Le procès de Jian Ghomeshi commencera lundi
TORONTO — Jian Ghomeshi était une vedette de la radio suivie par un public fidèle avant de se retrouver au coeur d’un scandale qui a permis de lancer une conversation nationale sur les agressions sexuelles et les difficultés à les dénoncer. Plus d’un an après que les allégations contre l’animateur eurent secoué le pays — particulièrement au Canada anglais —, son procès se mettra en branle lundi.
Ghomeshi, l’ancien animateur de l’émission “Q” à CBC, a plaidé non coupable à quatre chefs d’agression sexuelle et un chef d’avoir vaincu la résistance par étouffement. Le procès devant juge seul, qui devrait durer plusieurs semaines, implique trois plaignantes et sera suivi par plusieurs personnes à travers le pays.
La controverse entourant Ghomeshi a fait surface le 24 octobre 2014, lorsque la CBC a d’abord indiqué que son animateur vedette prenait une pause professionnelle “pour régler des problèmes personnels”. Deux jours plus tard, la société d’État a annoncé avoir coupé les liens avec Ghomeshi.
Dans un long message sur Facebook publié le même jour, Ghomeshi a déclaré avoir été congédié en raison de “fausses allégations”. Admettant apprécier le “sexe brutal”, il a assuré que ses partenaires sexuelles avaient toujours été consentantes.
Cinq jours après son congédiement, la police de Toronto a annoncé qu’elle enquêtait sur Ghomeshi après que deux femmes eurent déposé une plainte.
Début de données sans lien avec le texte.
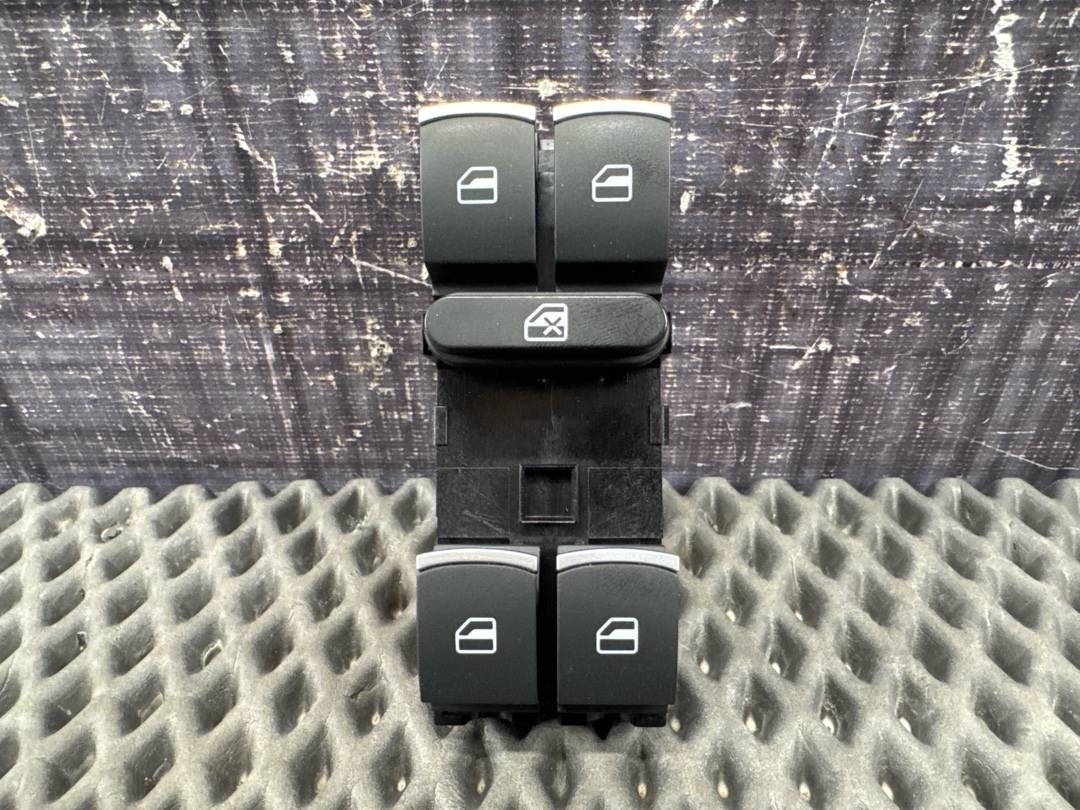 Блок кнопок, 3440 рублей, Красноярск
Le même jour, la CBC a envoyé une note à son personnel affirmant avoir vu des “preuves graphiques” que l’animateur avait causé des douleurs physiques à une femme. Le 26 novembre, Ghomeshi a été accusé de quatre chefs d’agression sexuelle et d’un chef d’avoir vaincu la résistance par étouffement. Il a été libéré sous caution et a reçu l’ordre d’habiter chez sa mère.
Un mois plus tard, trois nouveaux chefs d’agression sexuelle ont été déposés contre lui. Les présumées agressions auraient eu lieu entre 2002 et 2008. Deux de ces chefs ont plus tard été abandonnés parce que la Couronne a jugé qu’il n’y avait pas de possibilité raisonnable de condamnation. En plus de son procès de lundi, Ghomeshi subira un deuxième procès, en juin, pour faire face à un chef d’agression sexuelle.
L’attention suscitée par le cas Ghomeshi en a poussé certains à croire que le procès démontrera les forces et les faiblesses du système judiciaire en ce qui concerne de telles allégations.
“Cette cause pourrait encourager d’autres femmes à dénoncer ou elle pourrait venir renforcer certains aspects problématiques du processus”, croit Janine Benedet, professeure de droit à l’Université de la Colombie-Britannique.
Au moment où la controverse a éclaté, certains ont soulevé des questions quant aux raisons poussant des victimes d’agressions sexuelles à garder le silence.
Mme Benedet estime que les victimes sont souvent méfiantes envers le processus judiciaire, mais croit que l’attention entourant le procès Ghomeshi sera une bonne occasion de voir comment fonctionne le système.
Elle note cependant que les trois plaignantes dans le dossier Ghomeshi vivront sans doute des moments difficiles dans la salle d’audience.
“Il en est de la responsabilité du juge de s’assurer que les femmes seront traitées avec dignité et respect, mais le contre-interrogatoire, dans un procès criminel, peut être très détaillé et intense”, juge-t-elle.
Ghomeshi a embauché Marie Henein pour sa défense, une avocate ayant réussi à faire acquitter l’ancien entraîneur junior et agent David Frost, qui était accusé d’exploitation sexuelle. Elle a aussi défendu l’ancien procureur général de l’Ontario Michael Bryant, dont les accusations liées au décès d’un messager à vélo ont été abandonnées.